An exact copy is required of every line from the one with "map of restaurants, bars, coffee" through the end of the data below, and the pictures must stay out of it.

- **DATA**:

════════

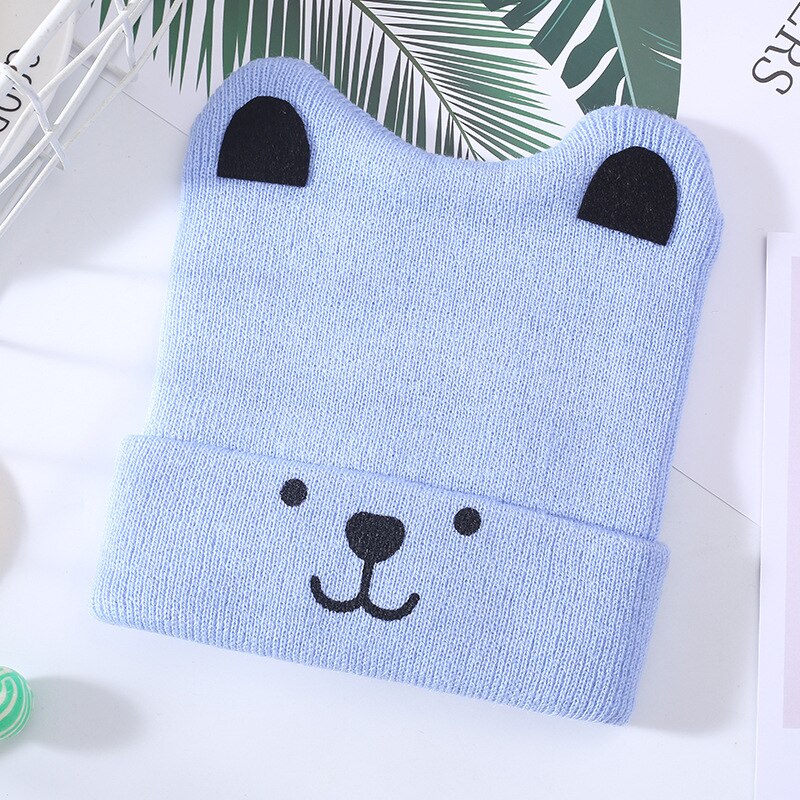 Kinderen 3d beren cartoon mutsen lente en herfst jongens meisjes mutsen gebreide mutsen winter warme effen kleur kindermutsen: 04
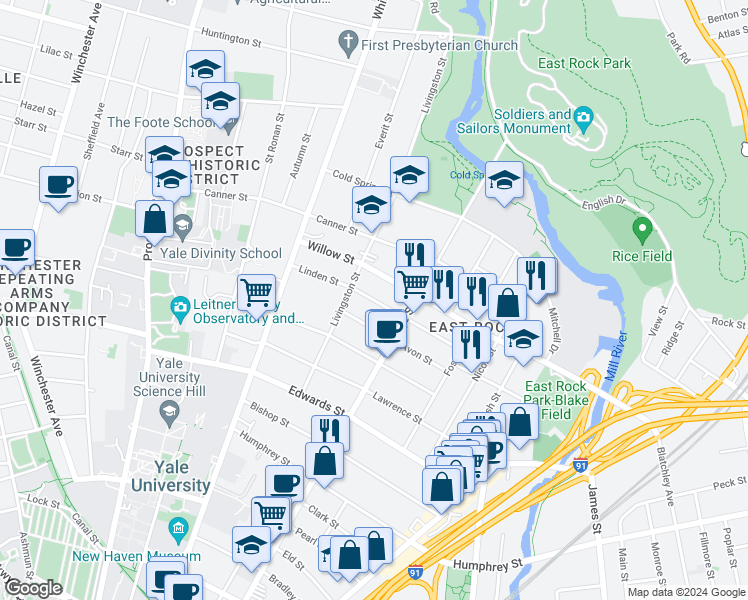 map of restaurants, bars, coffee shops, grocery stores, and more near 109 Linden Street in New Haven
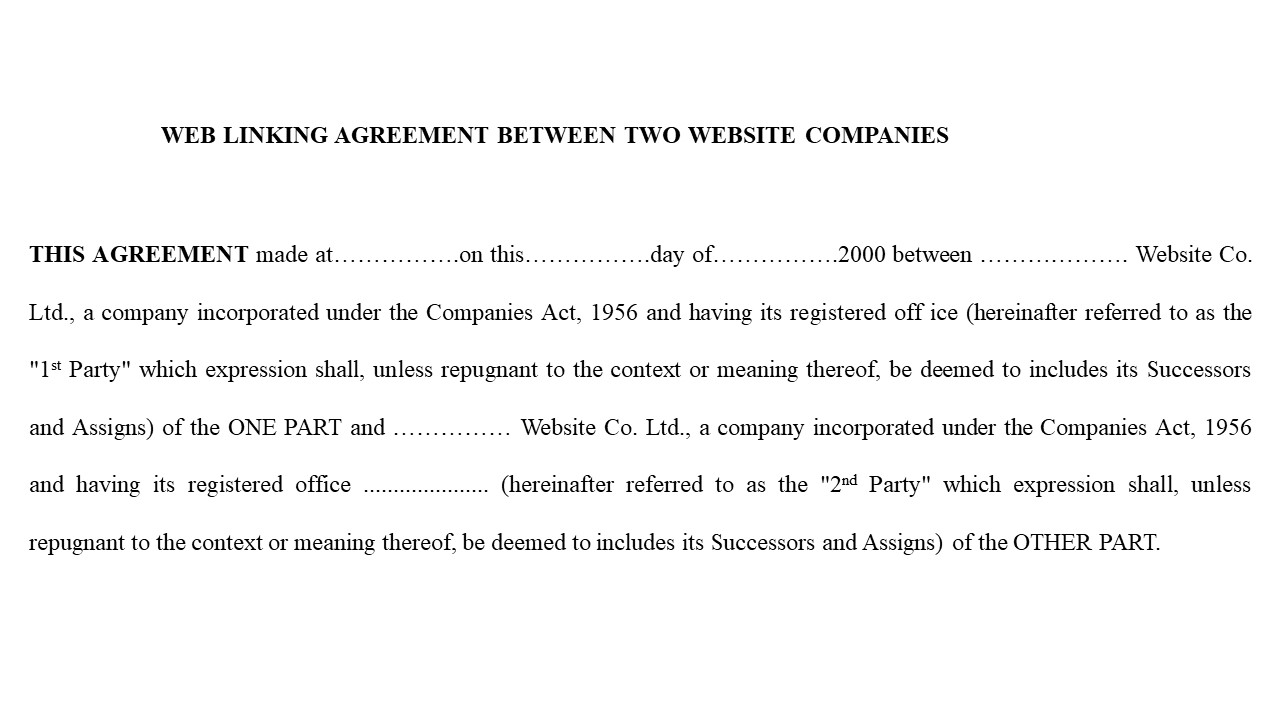 Format For Web Linking Agreement Between Two Websites Image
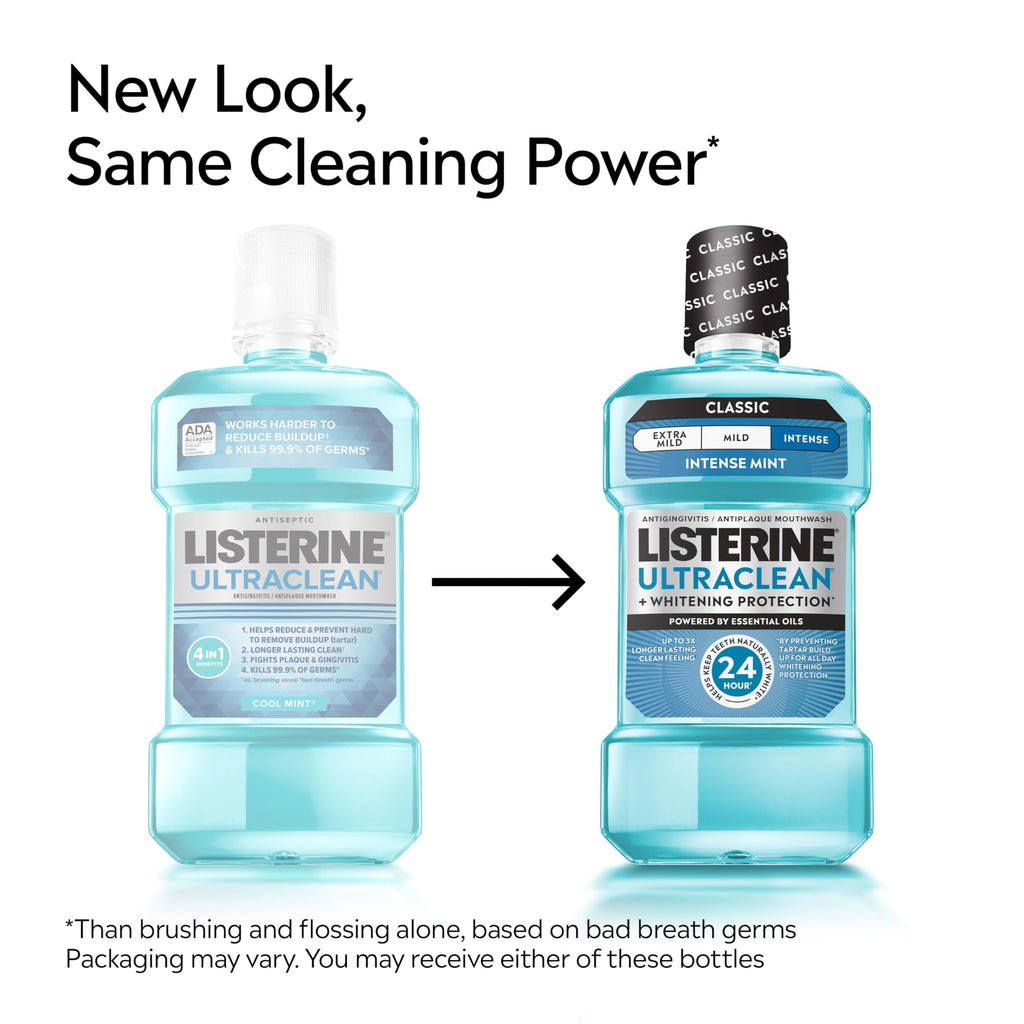 Listerine Ultraclean Intense Antiseptic Mouthwash + Whitening Protection*, Everfresh Technology to Help Fight Bad Breath, Gingivitis, & Plaque, Tartar Control Oral Rinse, Intense Mint, 1L, Pack of 2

════════

- **TASK RESULT**:
 map of restaurants, bars, coffee shops, grocery stores, and more near 109 Linden Street in New Haven
 Format For Web Linking Agreement Between Two Websites Image
 Listerine Ultraclean Intense Antiseptic Mouthwash + Whitening Protection*, Everfresh Technology to Help Fight Bad Breath, Gingivitis, & Plaque, Tartar Control Oral Rinse, Intense Mint, 1L, Pack of 2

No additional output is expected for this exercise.